Little Debbie Tree Cakes
Speaking of sweet holiday treats, Little Debbie Christmas Tree Cakes hail from the 1980s. They first hit store shelves in 1985, and we immediately snapped them up. If you had one of these in your lunchbox, you were something special in the school cafeteria.
You can still buy them, so if you want a little taste of an 80s Christmas, just head to your grocery store.
Christmas Cards Without Photos
If your mailbox fills up with holiday photo cards from all your friends, you're not alone. It's fun to see how everyone's family is growing, and photo Christmas cards are an easy way to stay connected. They weren't really much of a thing in the 1980s, though.

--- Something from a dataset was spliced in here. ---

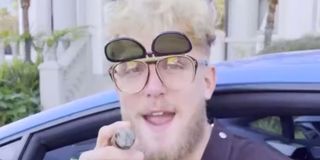 Jake Paul smoking a cigar and wearing ridiculous sunglasses.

Remember, this was the era before email and social media. To keep up with friends and family, we would send real Christmas cards that had handwritten messages inside them. Each Christmas, my mom would spend lots of time at the dining room table writing out the Christmas cards, and we'd get tons of them from friends, too.
80s Christmas Party Foods
An 80s Christmas party was a thing to behold. Between the festive fashions and the Christmas music on cassette, it was the ultimate holiday experience. And part of that experience was the food.
A typical 80s holiday party might have included a buffet with a cheese ball and crackers, veggies and ranch dip, red and green Jello with marshmallows, and lots of other 80s delicacies like potato skins and mini quiche.
80s Christmas Clothes
For most of us, an 80s Christmas outfit wasn't all that different than the fun things we wore every day, but we definitely tried to use as much red and green as possible. If we were very lucky, we had a Christmas sweater or sweatshirt (think ugly Christmas sweater, even though no one called it that yet).
If you're going to an 80s Christmas party and want to look amazing, pair your Christmas sweatshirt with stirrup pants and put your hair in a side ponytail. Don't forget large plastic earrings in the shape of Christmas trees. We guarantee you'll be the best-dressed person there.
Night Shirts and Nightgowns on Christmas Morning
As we emerged from our bedrooms Christmas morning to see what Santa had left for us, most of us weren't wearing the PJ pants or joggers you see today. The 80s was the era of Little House on the Prairie, so old-fashioned flannel nightgowns were definitely a thing.
We also wore night shirts or sleep shirts, which were usually a solid color like white with a graphic on the front with Snoopy, Garfield, Ziggy, and other classic cartoon characters.
Limited-Edition Holiday Toys of the 80s
If we were really lucky, Santa brought us just what we wanted on Christmas morning. Under the tree, we'd find everything from Cabbage Patch Kids to roller skates or a boombox. But we might also have received a limited-edition Christmas toy.
There were special toys you could only get at Christmas, and each year, they were different. The holiday Barbie is a great example, with her beautiful Christmas dresses and accessories that changed every year (we weren't supposed to take her out of the box and destroy her value as a collectible, but we usually did).
The 80s Santa Bear was another adorable example. Sold during the holidays at department stores like Dayton's, these giant white teddy bears were dressed in holiday accessories and always had the year on them. My grandpa used to buy us one every year, and it was so exciting to see what the new one would look like.
So Many Wonderful Things About an 80s Christmas
One of the best things about an 80s Christmas was the way we just threw ourselves into celebrating. From the clothes to the toys, it was a bit over the top, but what could be more Christmas than that? If you want to have a Christmas from the very best decade, just put your heart into the celebration.